- [EXERCISE INSTRUCTIONS]:
Please reproduce all the records exactly while leaving out their pictures.

- [DATA SECTION]:
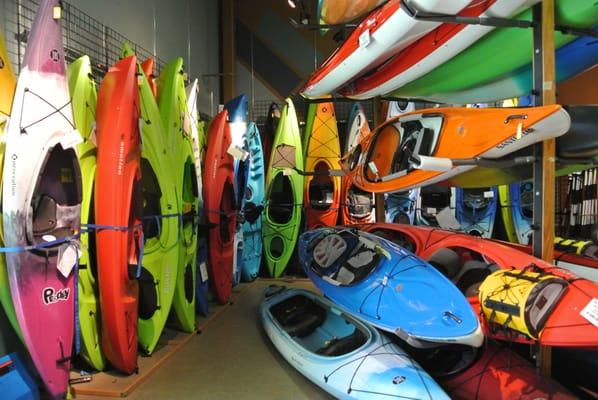 Kayaks at the Kalispell store.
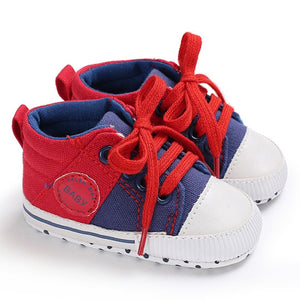 Baby Shoes Classic Canvas Baby Boy Shoes Spring Cotton Straps Stitching Newborn Boy Girl Shoes First Walker Prewalker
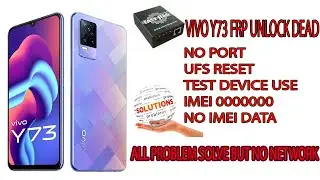 Vivo Y73 Dead After Removing FRP With Unlock Tool | Recovery With Easyjtag Plus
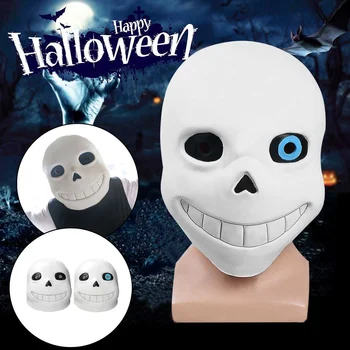 

Halloween's Party Cosplay Mask for Undertale Sans Game Halloween Fancy Soft Latex Helmet Props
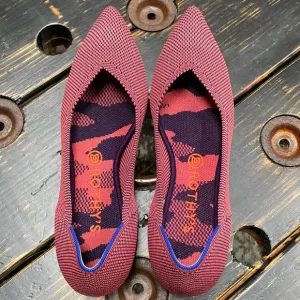 Rothy’s Rose Double Stitch Pointed Toe Flats SZ 10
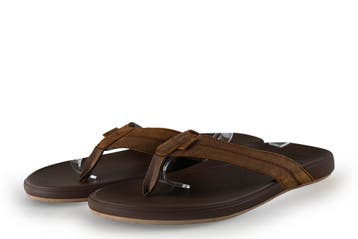 Reef Slippers in maat 45 Bruin, Kleding | Heren, Slippers, Bruin, Verzenden, Zo goed als nieuw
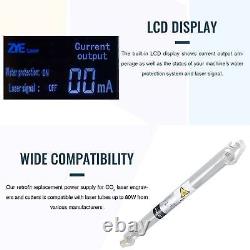 Alimentation Laser Omtech 80w 110v Co2 Pour Graveur De Tube Laser 80w Cutter LCD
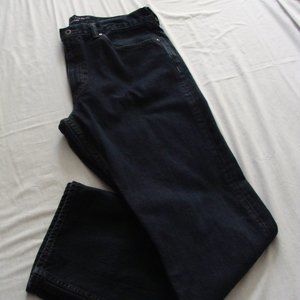 Men's BANANA REPUBLIC Black Wash "STRAIGHT" Jeans Sz 36 x 34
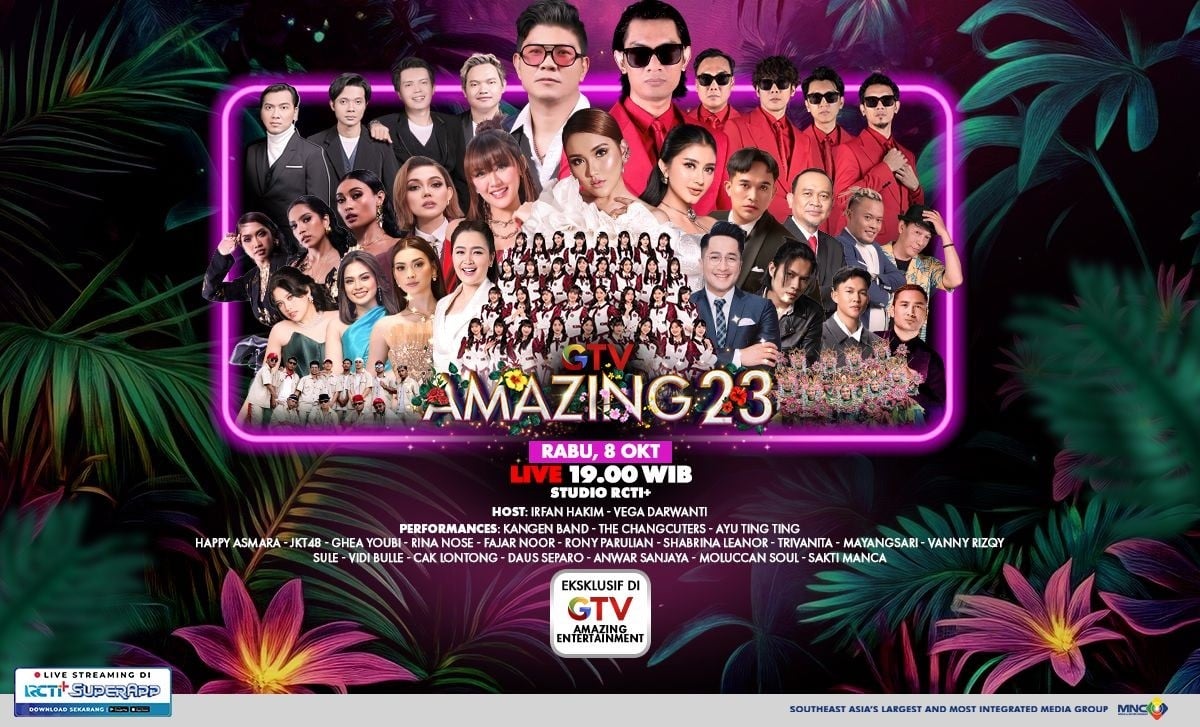 Bertabur Kolaborasi Bintang-Bintang Spektakuler! Kangen Band dan The Changcuters Meriahkan Perayaan Ulang Tahun Ke-23 GTV 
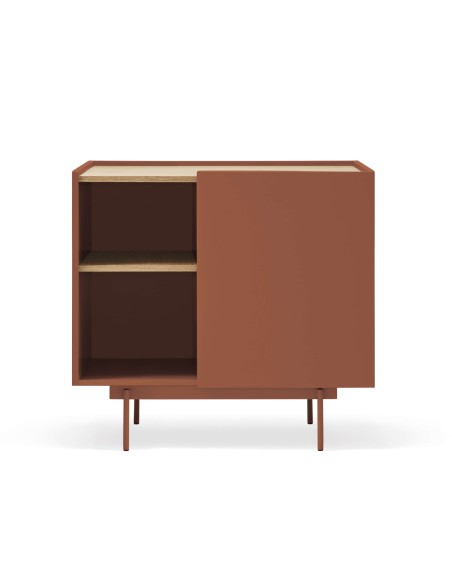 Cómoda OTTO 88x48 cm, DM Teja / Chapa Natural - Teulat. Vackart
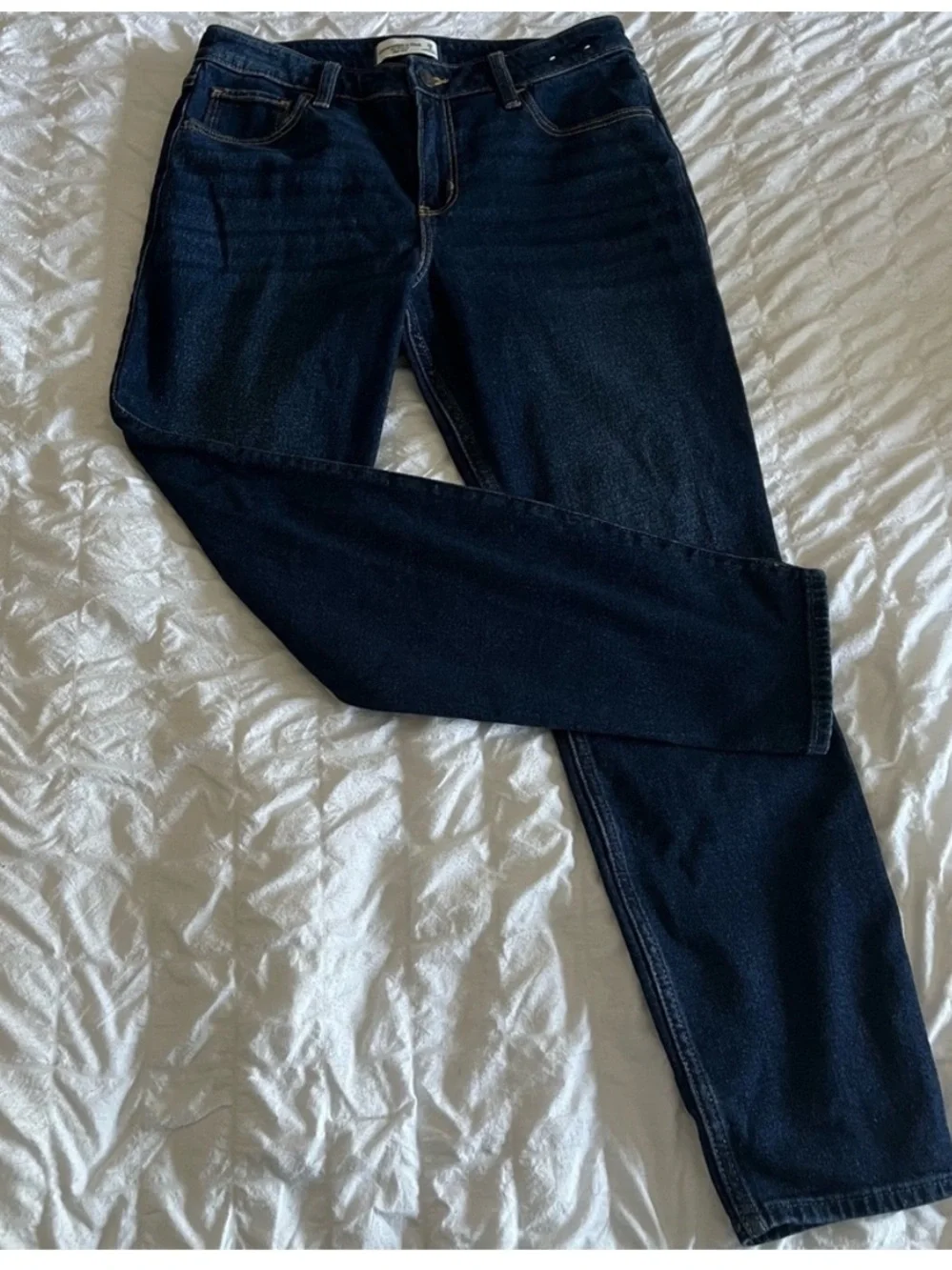 Abercrombie & Fitch Skinny High Rise Dark Blue Women’s 29/8R Slim Straight Jeans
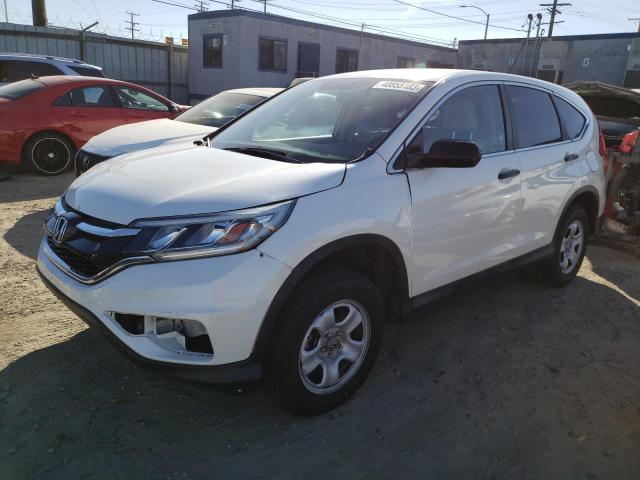 HONDA CR-V LX 2016 with VIN 5J6RM4H3XGL104113 - Photo from auction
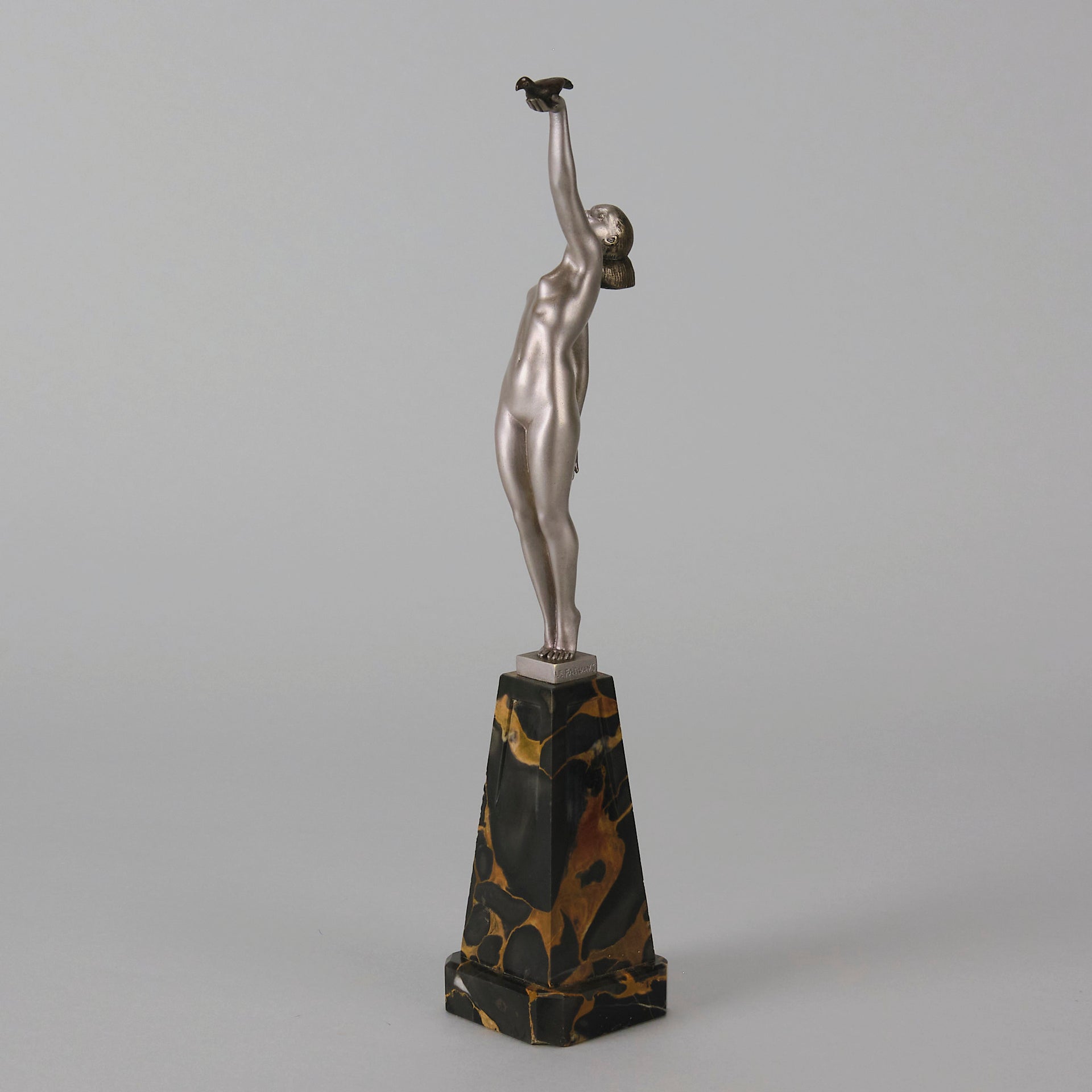 Messenger of Love - Pierre Le Faguays - Art deco figurines - Art Deco Sculpture - Bronze statues for sale - Bronze sculptures for sale - Art Deco Bronze - art deco bronze lady - Hickmet Fine Arts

- [SOLUTION FOR THIS PROBLEM]:
 Kayaks at the Kalispell store.
 Baby Shoes Classic Canvas Baby Boy Shoes Spring Cotton Straps Stitching Newborn Boy Girl Shoes First Walker Prewalker
 Vivo Y73 Dead After Removing FRP With Unlock Tool | Recovery With Easyjtag Plus

Halloween's Party Cosplay Mask for Undertale Sans Game Halloween Fancy Soft Latex Helmet Props
 Rothy’s Rose Double Stitch Pointed Toe Flats SZ 10
 Reef Slippers in maat 45 Bruin, Kleding | Heren, Slippers, Bruin, Verzenden, Zo goed als nieuw
 Alimentation Laser Omtech 80w 110v Co2 Pour Graveur De Tube Laser 80w Cutter LCD
 Men's BANANA REPUBLIC Black Wash "STRAIGHT" Jeans Sz 36 x 34
 Bertabur Kolaborasi Bintang-Bintang Spektakuler! Kangen Band dan The Changcuters Meriahkan Perayaan Ulang Tahun Ke-23 GTV 
 Cómoda OTTO 88x48 cm, DM Teja / Chapa Natural - Teulat. Vackart
 Abercrombie & Fitch Skinny High Rise Dark Blue Women’s 29/8R Slim Straight Jeans
 HONDA CR-V LX 2016 with VIN 5J6RM4H3XGL104113 - Photo from auction
 Messenger of Love - Pierre Le Faguays - Art deco figurines - Art Deco Sculpture - Bronze statues for sale - Bronze sculptures for sale - Art Deco Bronze - art deco bronze lady - Hickmet Fine Arts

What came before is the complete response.